_INFORMATION SUPPLIED_.

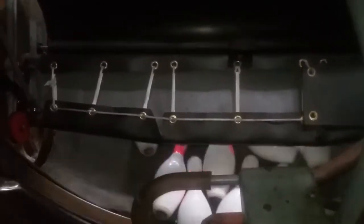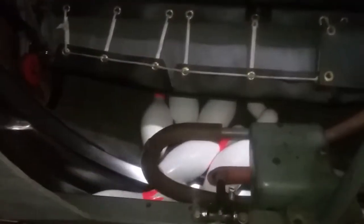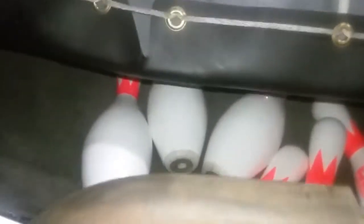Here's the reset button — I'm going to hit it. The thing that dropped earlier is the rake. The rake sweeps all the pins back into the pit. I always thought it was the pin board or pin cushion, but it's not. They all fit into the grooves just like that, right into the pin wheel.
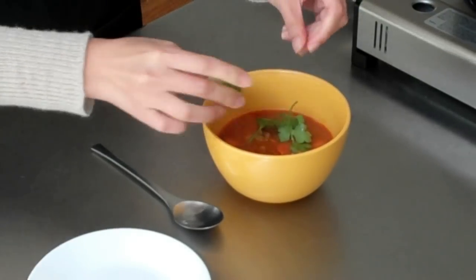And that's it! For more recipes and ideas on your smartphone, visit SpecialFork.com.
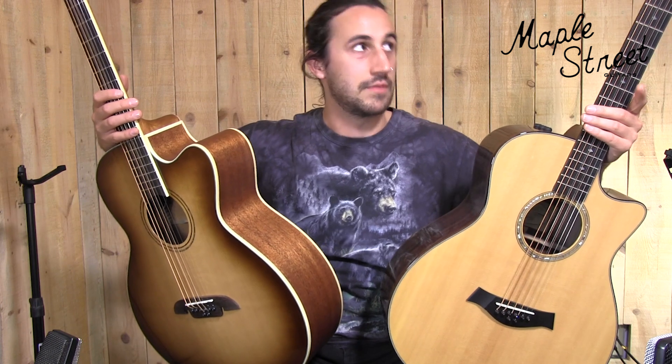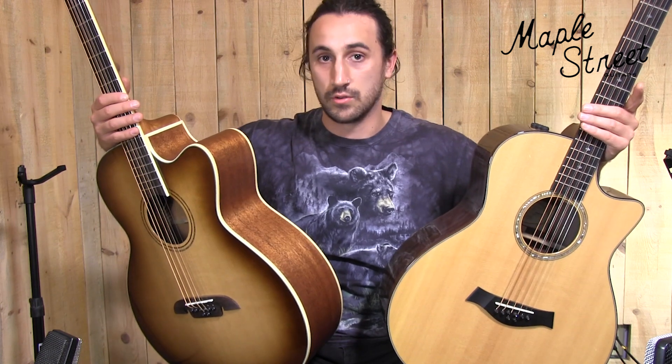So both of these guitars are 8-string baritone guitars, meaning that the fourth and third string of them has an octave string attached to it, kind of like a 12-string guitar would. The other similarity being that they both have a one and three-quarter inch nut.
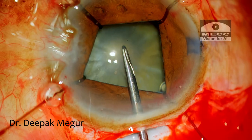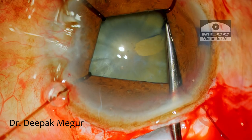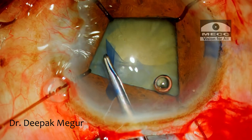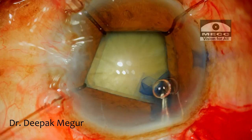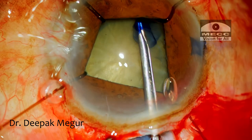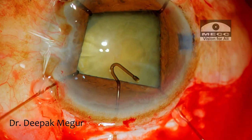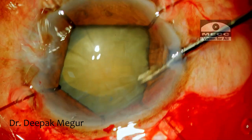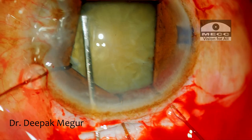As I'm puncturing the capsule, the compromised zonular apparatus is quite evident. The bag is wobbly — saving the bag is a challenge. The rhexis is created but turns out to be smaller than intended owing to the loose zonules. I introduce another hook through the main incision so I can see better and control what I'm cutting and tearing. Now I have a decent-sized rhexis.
==
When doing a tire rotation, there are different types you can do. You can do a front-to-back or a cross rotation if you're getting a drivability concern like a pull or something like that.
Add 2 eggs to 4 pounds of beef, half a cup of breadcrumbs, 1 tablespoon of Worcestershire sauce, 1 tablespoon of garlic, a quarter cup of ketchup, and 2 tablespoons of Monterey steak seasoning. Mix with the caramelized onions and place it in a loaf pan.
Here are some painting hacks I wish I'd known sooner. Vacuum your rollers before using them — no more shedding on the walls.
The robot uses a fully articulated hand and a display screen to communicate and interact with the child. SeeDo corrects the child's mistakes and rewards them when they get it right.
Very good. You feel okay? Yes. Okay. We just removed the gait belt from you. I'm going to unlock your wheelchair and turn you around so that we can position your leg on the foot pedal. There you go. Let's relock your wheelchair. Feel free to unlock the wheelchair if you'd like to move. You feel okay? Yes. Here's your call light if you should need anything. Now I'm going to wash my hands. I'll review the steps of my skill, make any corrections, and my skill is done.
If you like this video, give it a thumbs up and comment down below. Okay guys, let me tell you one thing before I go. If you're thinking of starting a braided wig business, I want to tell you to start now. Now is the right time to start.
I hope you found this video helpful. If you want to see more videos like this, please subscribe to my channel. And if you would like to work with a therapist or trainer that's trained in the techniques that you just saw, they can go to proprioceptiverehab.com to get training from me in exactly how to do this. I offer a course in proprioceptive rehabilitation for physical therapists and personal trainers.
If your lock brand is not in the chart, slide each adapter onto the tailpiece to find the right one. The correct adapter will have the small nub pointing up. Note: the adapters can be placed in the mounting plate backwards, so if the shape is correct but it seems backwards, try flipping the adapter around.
...
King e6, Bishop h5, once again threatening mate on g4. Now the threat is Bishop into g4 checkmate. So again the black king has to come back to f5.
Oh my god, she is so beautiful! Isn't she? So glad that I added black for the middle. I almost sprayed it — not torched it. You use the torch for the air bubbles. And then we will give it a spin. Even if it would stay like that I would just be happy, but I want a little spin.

_TASK ITEM_. From the listing above, copy out each line where the word "give" appears.

_EXERCISE ANSWER_.
If you like this video, give it a thumbs up and comment down below. Okay guys, let me tell you one thing before I go. If you're thinking of starting a braided wig business, I want to tell you to start now. Now is the right time to start.
Oh my god, she is so beautiful! Isn't she? So glad that I added black for the middle. I almost sprayed it — not torched it. You use the torch for the air bubbles. And then we will give it a spin. Even if it would stay like that I would just be happy, but I want a little spin.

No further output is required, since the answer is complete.